На большой дороге звучит призывная медь. А в стихе Тарковского единственная «медная струна», которую он согласен различить, — «запечная скрипка домашнего сверчка». И только. Лучше оглохнуть, чем слышать, как на большой дороге «взвывает медь», как «нарастает за окном далекий марш, военный гром». А если трубач все-таки вынужден выдувать мелодию в общем оркестре, то плывет с его нотного листа «шаровая пустота», ощущает такой трубач «бесплодный медный привкус на губах»: его мучит жажда, ему не хватает влаги…
Влага — спасительный фермент в поэзии Тарковского: он охотно изъясняется на эзотерическом языке. На язык общеупотребительных исторических реалий он переходит редко и неохотно. Но вехи обозначает.

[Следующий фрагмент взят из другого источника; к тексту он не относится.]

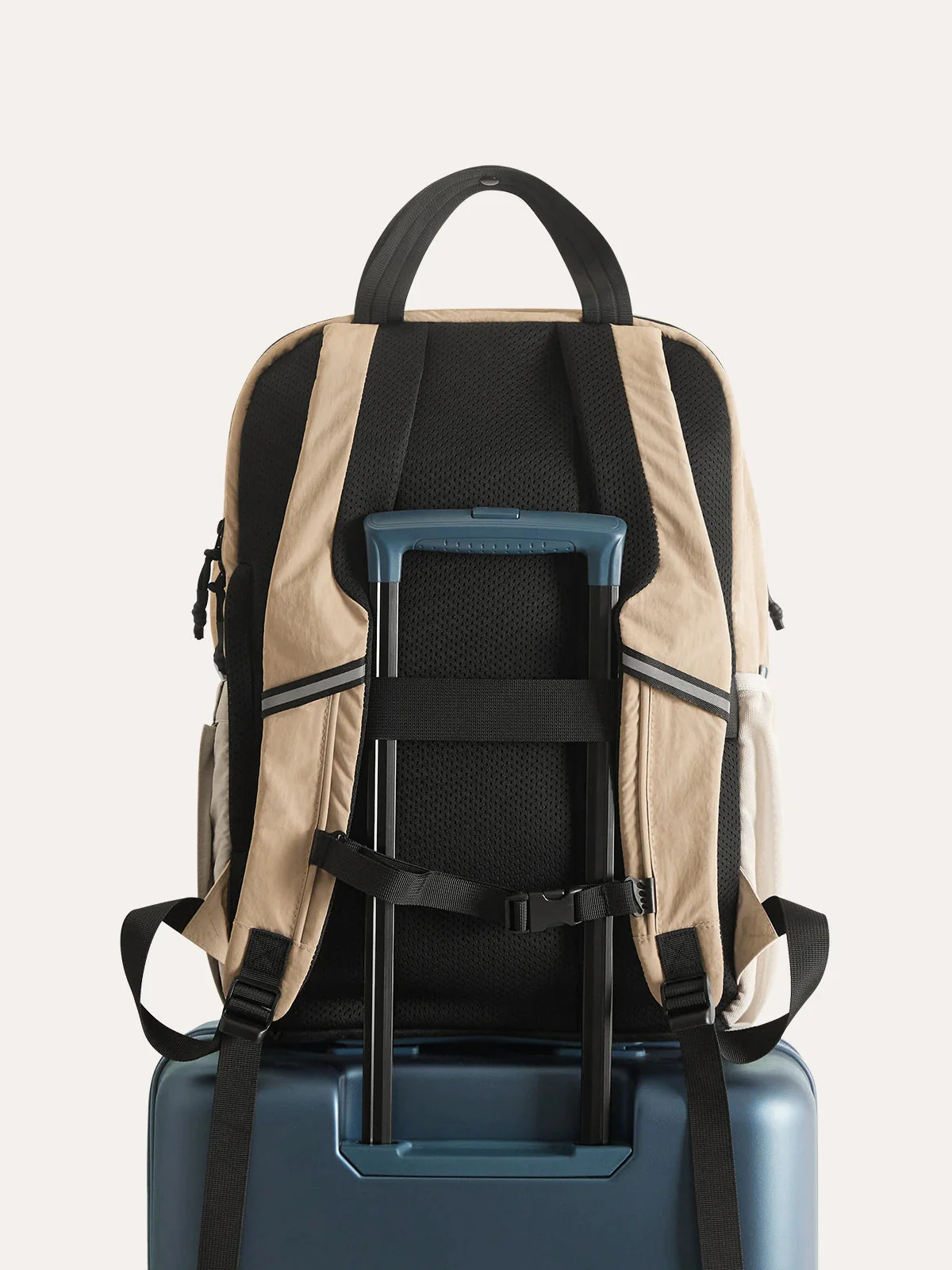 Paz 28L Backpack - Image 16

Запад — тупик. Россия Петра: обезумевший век, ложь, обман, слюдяные немигающие звезды, бездвижные медные львы, слепое стоянье… «У, буркалы Петровы, навыкате белки!».

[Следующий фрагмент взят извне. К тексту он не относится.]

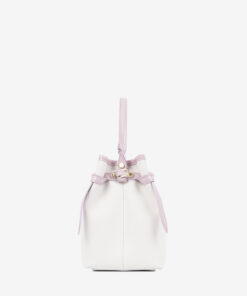 Mala M&atilde;o Cavalinho Dear Me Com um formato estruturado &eacute; ideal para organizar os seus essenciais com eleg&acirc;ncia e de forma pr&aacute;tica. Esta mala combina design cl&aacute;ssico com detalhes contempor&acirc;neos sendo o acess&oacute;rio perfeito para real&ccedil;ar qualquer um dos seus looks, do profissional ao casual chique.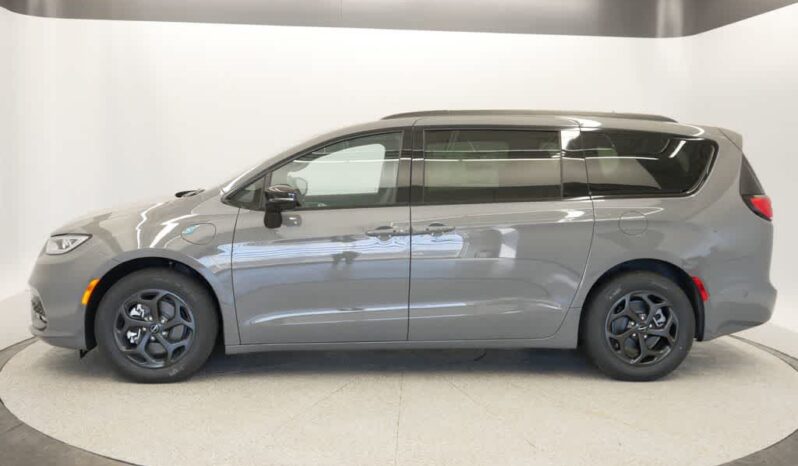 
 Chrysler Pacifica full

Восток — пергаментная старина, Кемине, Махтумкули, Молланепес, каракалпакский эпос, грузинская классика, бумажный вкус подстрочников, донорство переводов и, наконец, пронзивший советскую многонациональную поэзию стон: «Ах, восточные переводы, как болит от вас голова!»

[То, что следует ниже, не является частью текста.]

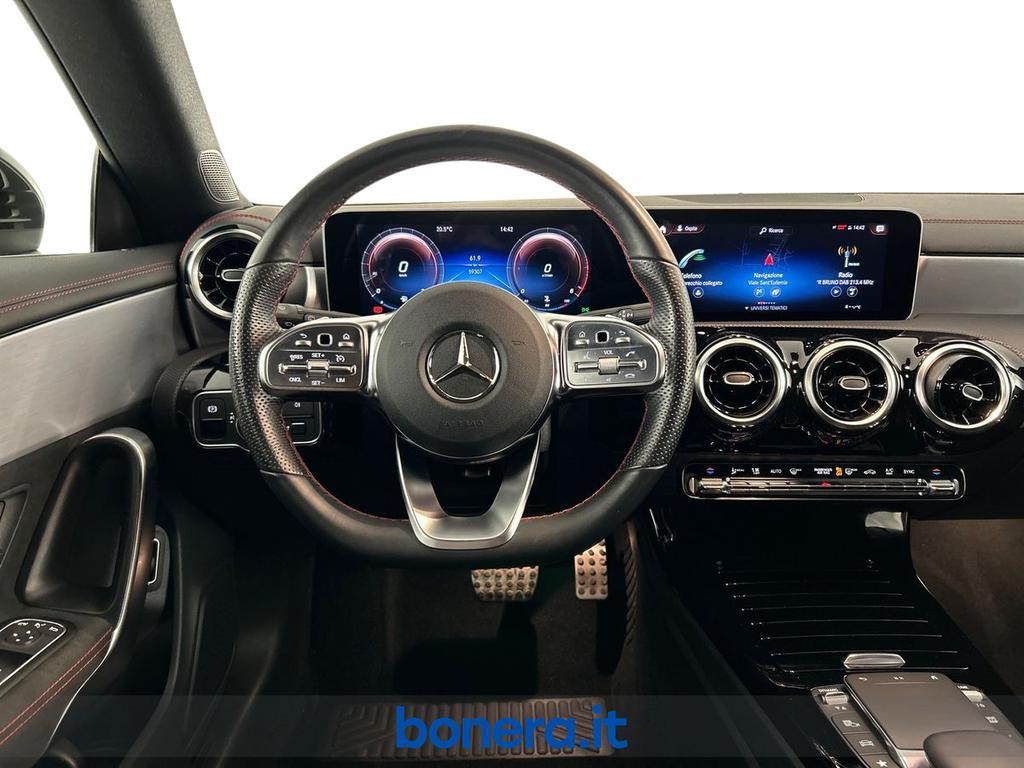 Mercedes CLA Shooting Brake 200 D Premium 4Matic 8G-DCT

Из русской истории: игоревы обреченные полки, черные кони Мамая, Калка-река: гибель, гибель, гибель.
Из героической советской современности — ничего.
Притом — никаких конкретных и очевидных отказов сотрудничать с «эпохой». Отказ — неочевидный, молчаливый, абсолютный.
Впрочем, если бы тогдашние критики имели возможность читать то, что уходило неопубликованным в «могилу стола», — он бы выудили необходимые признательные показания.
…Но если я вступаю в дикий спор
Со звездами в часы ночных видений,
Не встану я пред ложью на колени
И не на кривду я направлю взор…
Если учесть, что это написано в 1947 году, вскоре после известного Постановления ЦК партии о закрытии журналов и о причислении Ахматовой и Зощенко к лику врагов режима, когда под нож пусщена уже отматрицированная, готовая к печати книга Тарковского (первая его книга), — то ясно, перед какой ложью он отказывается встать на колени и от какой кривды отворачивается.
Тринадцать лет спустя — стихотворение «В музее». Созерцая ассирийское воинство, предводительствуемое царем Шамил-Ададом, Тарковский ему слагает следующий антигимн:
Я проклинаю подошвы царских сандалий.
Кто я — лев или раб, чтобы мышцы мои
Без воздаянья в соленую землю втоптали
Прямоугольные каменные муравьи?
Аллюзия, типичная для эпохи Первой Оттепели. Разумеется, в 1960 году уже не обязательно открещиваться от официальной «кривды», тем более что и это проклятье тоталитаризму идет не в печать, а в стол, но первая, «отводящая» строка: «Это не мы, это они — ассирийцы» — как раз и «наводит» на ассоциации с социализмом — по всем законам Эзоповой антилогики.